Bergtour 2007

Weilheimer Hütte (22-23.09.2007)

ESTERGEBIRGE.

 

Am 22. September war es wieder soweit. Der Frankenwaldverein Seibelsdorf machte sich auf zu einer zweitägigen Wanderung in die bayerischen Voralpen und zwar in das Estergebirge, ein kleines Kalkgebirge zwischen Loisach und Walchensee. 35 Wanderer aus Seibelsdorf und Umgebung fuhren Samstag früh in Richtung Garmisch.

Nicht nur das Wetter versprach Großartiges sondern auch der Duft des frischen Leberkäs, der zur Stärkung für die Rast kurz vor München mitgenommen wurde.

Etwas später als geplant kamen wir zu unserem Ausgangspunkt der Maxhütte (1022m), Nähe Wallgau, an. Ein anfänglich recht angenehmer Anstieg mit herbstlichen Eindrücken und der milde Sonnenschein, der die in den vergangen Wochen vernachlässigten blanken Hautstellen verwöhnte, ließen keine Strapazen vermuten. Aber mit zunehmender Zeit wurde es steiler und steiniger. Die Rast am Wildsee kam da gerade recht.

Dem Wallgauer Steig entlang an der Kuhalm vorbei ging es querfeldein auf den Walchenseer Steig. Ein kraftraubender Weg knapp unter dem Grat vorbei an der Hohen Kisten folgte. Gebirgseinschnitte ließen herrliche Aussichten auf das Loisachtal zwischen Oberau und Eschenlohe zu. Der schmale, schräg abfallende Weg verlangte Trittsicherheit und Kondition. Der frühe Blick auf die Weilheimer Hütte (1955m) täuschte. Erst nach fünf Stunden und ca. 900 Höhenmeter kamen die tapferen Wanderer an. In nächster Umgebung „treffen“ sich dort mehrere 2000er: der Hausberg, der Krottenkopf (2086m), der Obere Risskopf (2049m), der Kareck (2046m) und der Bischof (2033m). Ersterer wurde nach kurzer Pause von einigen erklommen.

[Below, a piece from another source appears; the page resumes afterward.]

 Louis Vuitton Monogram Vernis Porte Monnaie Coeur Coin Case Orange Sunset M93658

Die Aussicht bei klarstem Wetter war einprägend. Im Südosten vom Sonnenschein erleuchtet und detailliert das Karwendel. Westlich im Gegenlicht und in graublauen Tönen schattiert, fast unwirklich erscheinend, die Ammergauer Alpen. In der Ferne südwestlich das Wettersteingebirge mit der Zugspitze.

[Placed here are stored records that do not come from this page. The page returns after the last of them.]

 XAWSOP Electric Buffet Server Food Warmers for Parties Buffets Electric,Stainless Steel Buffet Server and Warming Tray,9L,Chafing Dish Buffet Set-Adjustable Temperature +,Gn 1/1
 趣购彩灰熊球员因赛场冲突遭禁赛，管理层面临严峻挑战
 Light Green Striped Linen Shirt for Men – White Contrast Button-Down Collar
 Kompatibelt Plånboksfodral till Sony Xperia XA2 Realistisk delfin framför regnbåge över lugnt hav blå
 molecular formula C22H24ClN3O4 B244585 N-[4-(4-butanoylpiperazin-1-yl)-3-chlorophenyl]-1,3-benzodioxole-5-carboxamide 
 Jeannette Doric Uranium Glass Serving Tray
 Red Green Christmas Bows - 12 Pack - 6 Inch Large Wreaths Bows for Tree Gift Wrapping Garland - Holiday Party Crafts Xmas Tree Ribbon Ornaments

Die völlig ausgebuchte Hütte ließ eine spannende Nacht erahnen. Doch zuerst wurde sich gestärkt und ein kraftvoll gesungenes und mit Mundharmonikaklängen untermaltes Frankenwaldlied ließ bei den übrigen Gästen keinen Zweifel unsrer Herkunft mehr offen.Hüttenruhe, die Quartiere wurden bezogen. Bei extrem eingeengter Bewegungsfreiheit gab es eine kurzweilige Nacht. Manche zogen ein Nachtlager unter freien Himmel vor. Weitere und genauere Schilderungen verhinderten allerdings meine Ohrenstöpsel. Sonnenaufgang im Estergebirge, vom Gipfel des Oberen Risskopfes aus gesehen, so begann für manche der zweite Tag.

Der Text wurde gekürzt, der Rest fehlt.